Items from a data source:
=== Section Start ===

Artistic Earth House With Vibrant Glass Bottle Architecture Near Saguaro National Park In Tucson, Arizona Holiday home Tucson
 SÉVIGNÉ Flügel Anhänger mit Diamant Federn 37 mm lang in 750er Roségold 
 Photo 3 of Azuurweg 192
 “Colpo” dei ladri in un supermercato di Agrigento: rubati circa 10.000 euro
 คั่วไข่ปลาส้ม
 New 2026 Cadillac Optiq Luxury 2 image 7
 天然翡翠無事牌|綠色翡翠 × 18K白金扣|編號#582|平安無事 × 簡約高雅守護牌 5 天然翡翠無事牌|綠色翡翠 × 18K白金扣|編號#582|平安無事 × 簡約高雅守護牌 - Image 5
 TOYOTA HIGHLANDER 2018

=== Section End ===

WORK ORDER. Find "circa 10.000 euro" in the records above. Repeat its line and every later line exactly, through the last one.

EXPECTED OUTPUT.
 “Colpo” dei ladri in un supermercato di Agrigento: rubati circa 10.000 euro
 คั่วไข่ปลาส้ม
 New 2026 Cadillac Optiq Luxury 2 image 7
 天然翡翠無事牌|綠色翡翠 × 18K白金扣|編號#582|平安無事 × 簡約高雅守護牌 5 天然翡翠無事牌|綠色翡翠 × 18K白金扣|編號#582|平安無事 × 簡約高雅守護牌 - Image 5
 TOYOTA HIGHLANDER 2018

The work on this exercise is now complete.